Stored records:
+-------+

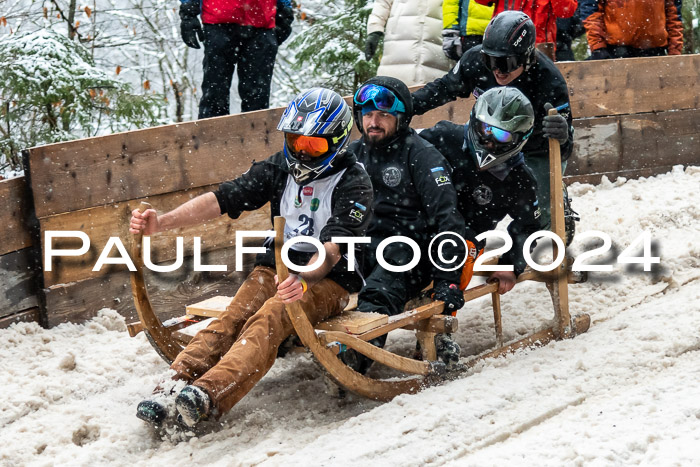 53. Hornschlittenrennen Partenkirchen, 06.01.2024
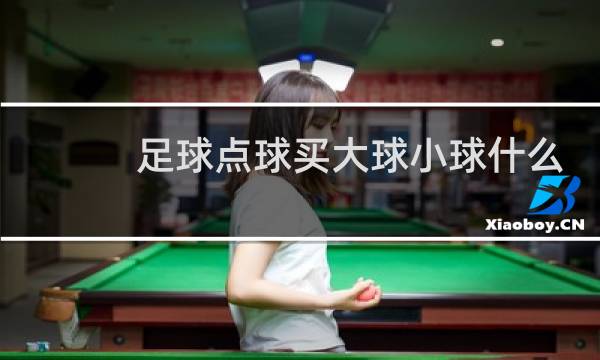 足球点球买大球小球什么意思图片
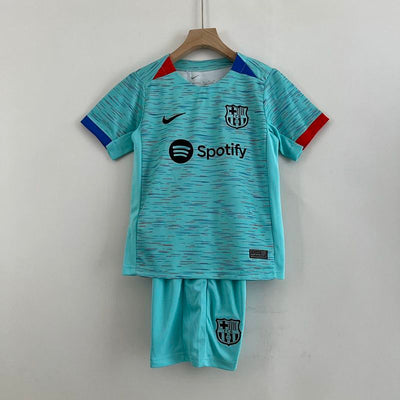 Conjunto FC Barcelona Visitante Niño 23/24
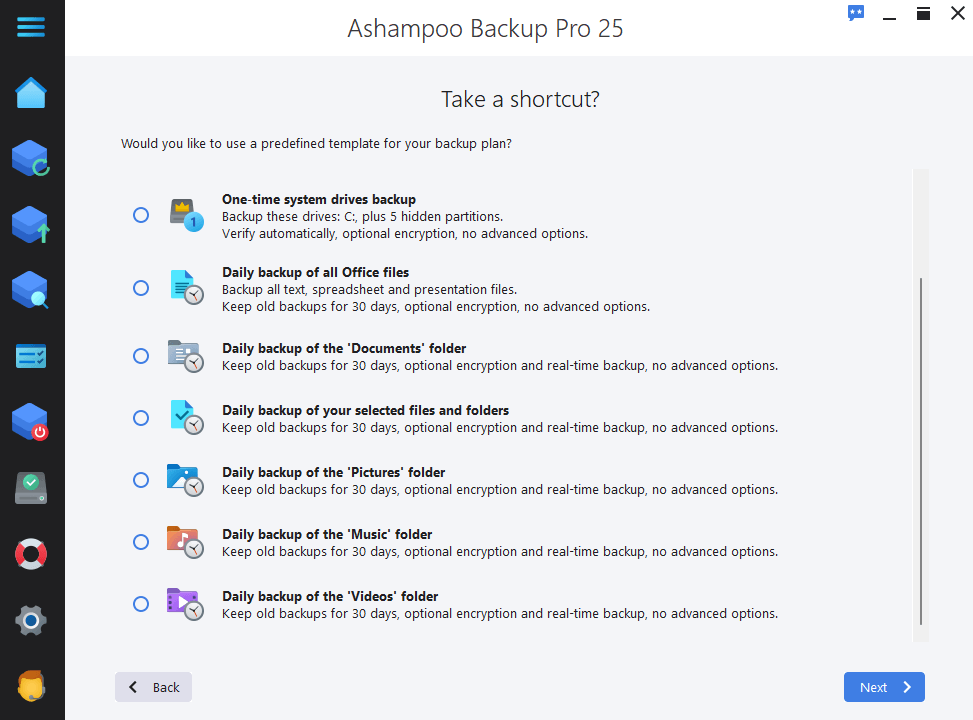 برنامج Ashampoo Backup Pro للنسخ الحتياطي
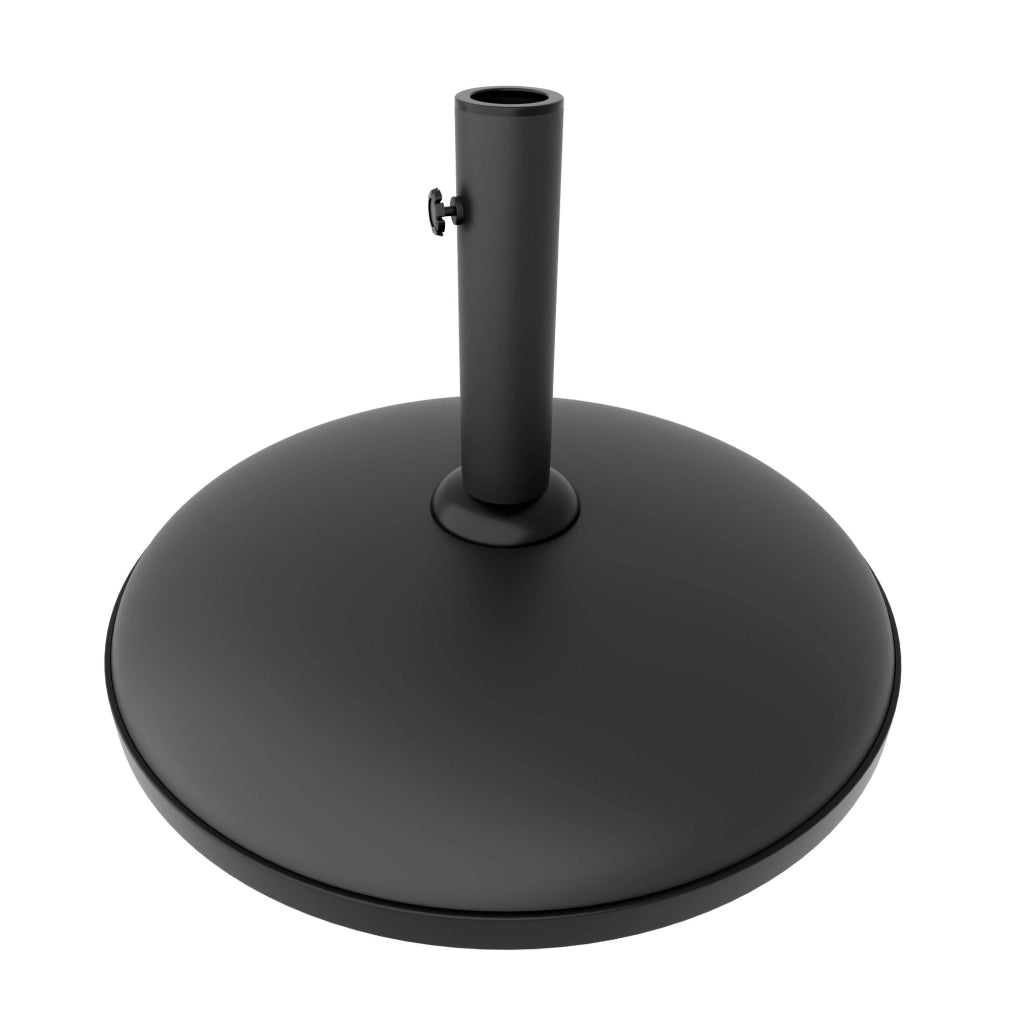 Terra - Base per Ombrellone da Giardino Rotondo Ø45 cm 15 Kg in Cemento Nero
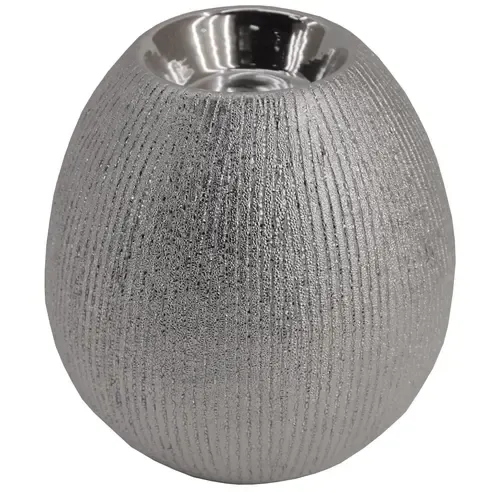 Teelichthalter - silber - 11 cm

+-------+

Work to complete
Repeat the entries exactly as they are given, leaving out each image.

Answer section
 53. Hornschlittenrennen Partenkirchen, 06.01.2024
 足球点球买大球小球什么意思图片
 Conjunto FC Barcelona Visitante Niño 23/24
 برنامج Ashampoo Backup Pro للنسخ الحتياطي
 Terra - Base per Ombrellone da Giardino Rotondo Ø45 cm 15 Kg in Cemento Nero
 Teelichthalter - silber - 11 cm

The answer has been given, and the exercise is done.